Furthermore, the conventional combined probe comprises a well temperature probe, a three-lateral resistivity probe, a natural potential probe, a well deviation probe and a well diameter probe which are sequentially connected in series.

The sound wave combined probe further comprises a protective shell, wherein the protective shell is made of lead-tin combined materials and covers the conventional combined probe, the sound wave combined probe and the short section probe.

Further, the well casing is made of a non-magnetic material to protect the internal angle sensor from interference.

Furthermore, the support in the well slant detection pipe is made of nonmagnetic duralumin materials, and the well slant detection pipe body is made of nonmagnetic titanium alloy materials.

Furthermore, the sound wave combination probe tube comprises a sound velocity sound amplitude probe tube and a current probe tube which are sequentially connected in series.

Further, the short section probe tube comprises a quantitative gamma probe tube and a density probe tube which are sequentially connected in series.

Further, the short section probe tube comprises a density probe tube and a gamma energy spectrum probe tube which are sequentially connected in series.

Furthermore, the natural potential probe uses a lead electrode, and polysulfone insulating materials are adopted on two sides of the lead electrode.

Further, the well temperature probe adopts a semiconductor thermometer.

The invention has the beneficial effects that: the conventional combined probe, the acoustic wave combined probe and the short-section probe are connected in series, so that the parameters in the mine such as natural potential, well diameter, well deviation, resistivity, well temperature, current, acoustic amplitude, gamma radiation amount, density parameters of the mine and the like can be measured at one time, and the integration level is improved on the basis of the existing forming independent logging technical principle, so that the logging efficiency is improved, the loss of equipment is reduced, and the logging cost and the logging time are reduced.

Drawings

In order to more clearly illustrate the embodiments of the present invention or the technical solutions in the prior art, the drawings used in the description of the embodiments or the prior art will be briefly described below, it is obvious that the drawings in the following description are only some embodiments of the present invention, and for those skilled in the art, other drawings can be obtained according to the drawings without creative efforts.
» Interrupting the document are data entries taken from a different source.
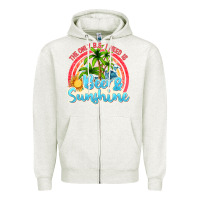 Oatmeal Heather beer and sunshine Zipper Hoodie - texasbilliewilder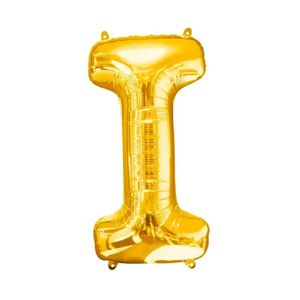 Balão Metalizado Globo Letra I Dourado 40cm Júpiter Party (1 Unidade)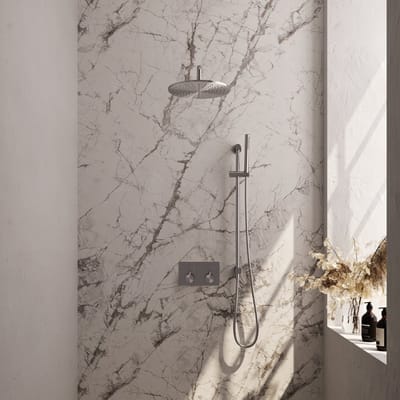 Brauer Brushed Edition thermostatische inbouw regendouche met drukknoppen SET 64 met 30 cm douchekop en gebogen muurarm en staaf handdouche en doucheslang en geïntegreerde glijstang RVS geborsteld PVD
FIG. 1 is a schematic diagram of a logging sonde provided in accordance with an exemplary embodiment;

FIG. 2 is a connection diagram of a conventional combination probe provided in accordance with an exemplary embodiment;

FIG. 3 is a connection diagram of a sonic combination probe provided in accordance with an exemplary embodiment;

fig. 4 is a circuit block diagram of a conventional combination probe provided in accordance with an exemplary embodiment.

In the figure, 1-short section probe; 2-connecting a serial port; 3-a well diameter probe; 4-a well slant probe; 5-a natural potential probe; 6-three lateral resistivity probes; 7-well temperature detecting tube; 8-upper short section; 9-acoustic amplitude sound velocity probe tube; 10-current probe; 11-upper joint; 12-reserving an interface; 13-a polysulfone insulating segment; 14-stainless steel AP electrode; 15-gamma and three lateral circuit boards; 16-an intermediate joint; 17-a gamma detector; 18-natural potential and inclinometer circuit board; 19-a lead electrode; 20-an inclinometer sensor; 21-heating a resistance sensor; 22-a well temperature and well diameter circuit board; 23-well diameter structure; 24-a caliper arm; 25-lower joint.

Detailed Description

In order to make the objects, technical solutions and advantages of the present invention more apparent, the technical solutions of the present invention will be described in detail below. It is to be understood that the described embodiments are merely exemplary of the invention, and not restrictive of the full scope of the invention. All other embodiments, which can be derived by a person skilled in the art from the examples given herein without any inventive step, are within the scope of the present invention.

Referring to fig. 1, an embodiment of the present invention provides a logging sonde, including: a conventional combined probe, an acoustic wave combined probe and a short-section probe;

the conventional combined probe tube, the acoustic wave combined probe tube and the short section probe tube are connected in series based on preset connection positions;

the conventional combined probe is at least used for measuring natural potential, well diameter, well deviation, resistivity and well temperature in a mine;

the sound wave combined probe is at least used for measuring current and sound velocity sound amplitude in the mine;

the short-section probe is at least used for measuring gamma radiation quantity in the mine and density parameters of the mine.

Specifically, according to drilling characteristics and well formation requirements of uranium ores, acquisition parameters required by uranium ore well logging are optimized and combined, parameters with good application effects are optimized, meanwhile, the requirements of uranium ore mining and metallurgy measurement are considered, and finally 9 well logging parameters are determined, namely quantitative gamma, density, natural potential, well diameter, well deviation, resistivity, well temperature, current and sound wave. The method comprises the steps of monitoring 5 parameters of natural potential, well diameter, well deviation, resistivity and well temperature as objects detected by a conventional combined probe, detecting 2 parameters of current and sound velocity amplitude as objects detected by a sound wave combined probe, using quantitative gamma and density parameters as independent short section probes, and enabling the sound wave combined probe and the short section probes to be freely connected in series to the conventional combined probe according to requirements for use. The design scheme can improve the circuit integration level to the maximum extent, shorten the length of the probe tube and ensure that various parameters are not interfered with each other in the measurement process.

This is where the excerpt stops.